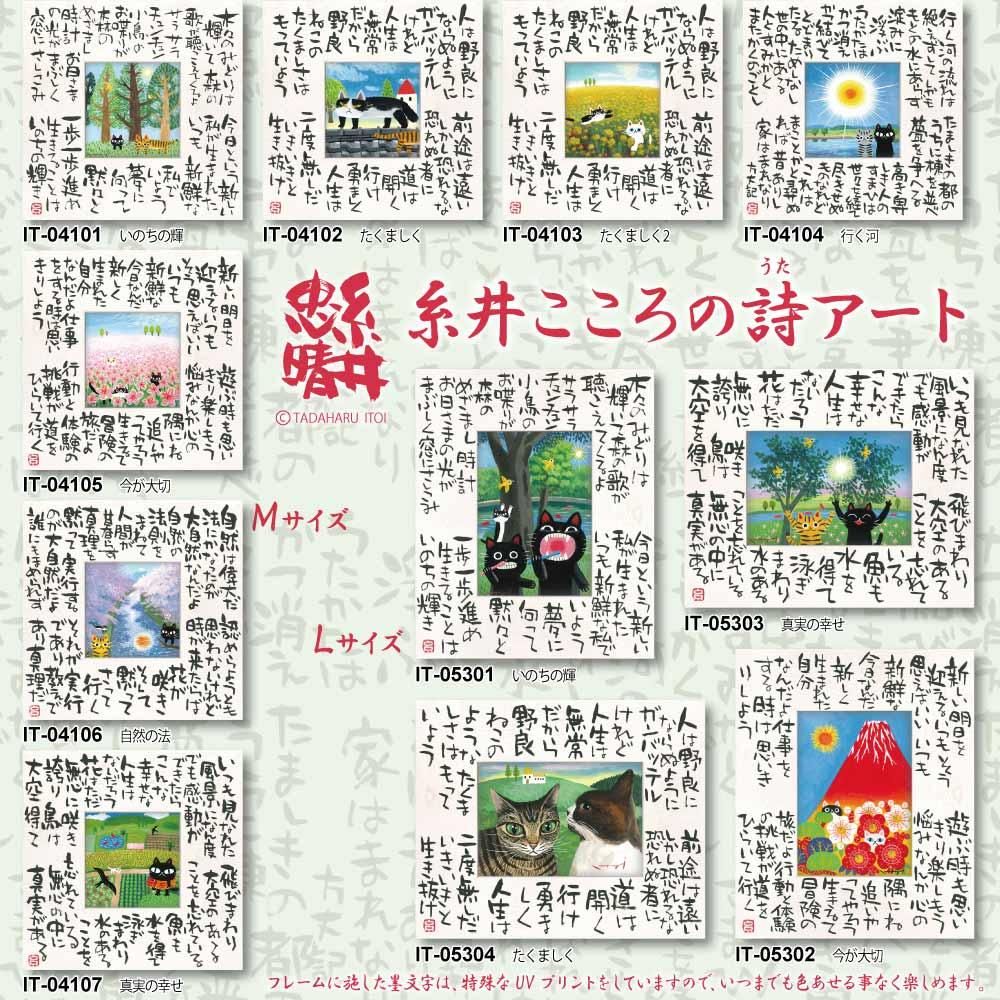 絵画 糸井忠晴 こころの詩アート Mサイズ「たくましく(Mサイズ)」
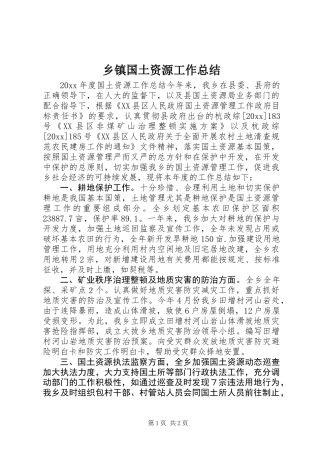 乡镇国土资源工作总结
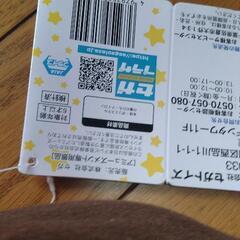 かわいいアンパンマン！景品大きめサイズ！ぬいぐるみ🧸の画像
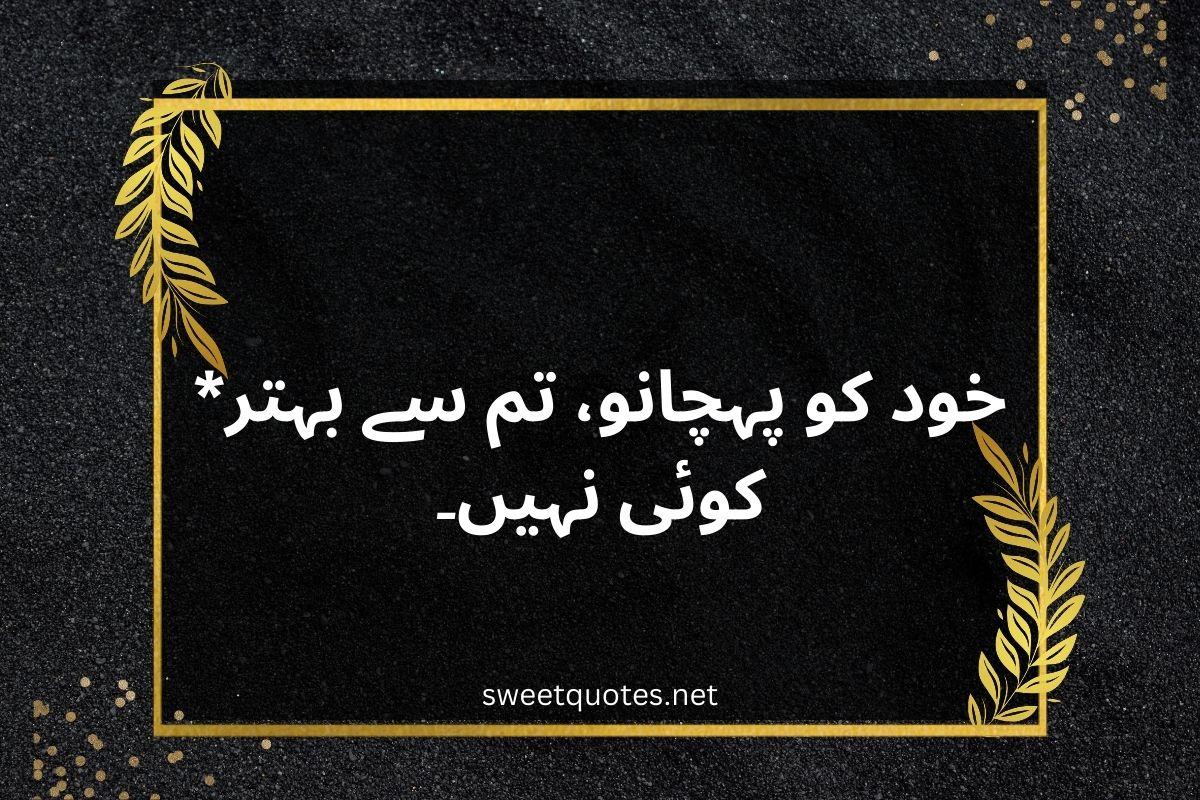 Whatsapp status in Urdu one line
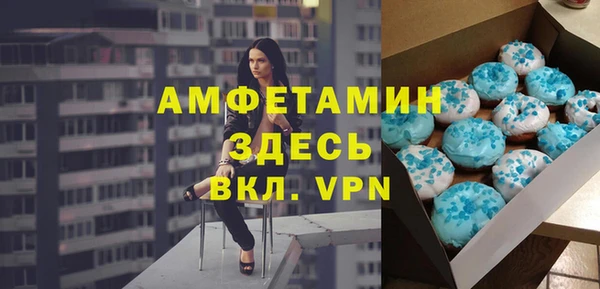 МДПВ Абдулино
++++++++
> [Aim of the task] Every line of the material should be repeated precisely; pictures are to be excluded.

> [Exercise answer]
 絵画 糸井忠晴 こころの詩アート Mサイズ「たくましく(Mサイズ)」
 乡镇国土资源工作总结
 かわいいアンパンマン！景品大きめサイズ！ぬいぐるみ🧸の画像
 Whatsapp status in Urdu one line
 МДПВ Абдулино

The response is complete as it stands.